Alice de Brem : Nous revoyons aussi de manière trimestrielle nos notes de risque pays. Cette évaluation repose sur une analyse structurelle (déséquilibres macroéconomiques, climat des affaires, stabilité du système politique) et court terme (cycle économique, risques de financement de l’économie). Nous avons ainsi rehaussé la note de trois pays au premier trimestre 2017 : l’Argentine, le Brésil et l’Egypte. Nous restons vigilants sur ces pays, mais leur situation tend à s’améliorer.
Des risques protéiformes
Alain Piou : Nous constatons depuis le début de l’année qu’un certain nombre d’indicateurs sont revenus dans le vert. Beaucoup de signaux sont de nouveau favorables à la reprise des exportations : les taux d’intérêt bas, la remontée des cours du pétrole, l’optimisme retrouvé des chefs d’entreprises.

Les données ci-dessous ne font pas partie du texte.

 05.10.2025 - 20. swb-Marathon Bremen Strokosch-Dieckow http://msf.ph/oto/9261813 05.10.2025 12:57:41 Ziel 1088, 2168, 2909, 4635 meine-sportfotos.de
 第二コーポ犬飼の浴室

Julien Marcilly : Les principaux risques portent, dans les pays émergents, sur le change, avec de plus en plus de problèmes en matière de transferts de devises dans beaucoup de pays. Même si les prix des matières premières ont un peu rebondi, les cours actuels restent souvent insuffisants pour beaucoup d’émergents qui en exportent. Enfin nous avons constaté un changement structurel de régime de croissance. L’activité a beaucoup ralenti dans ces pays-là. Par exemple en Chine, passer de 10 % à 6 % de croissance peut être préjudiciable pour les entreprises qui auraient investi en espérant bénéficier d’un taux de rendement de 10 %. Un cas de figure qui s’est multiplié dans beaucoup de pays. A ce contexte se sont associées, ces dernières années, un certain nombre de tensions politiques.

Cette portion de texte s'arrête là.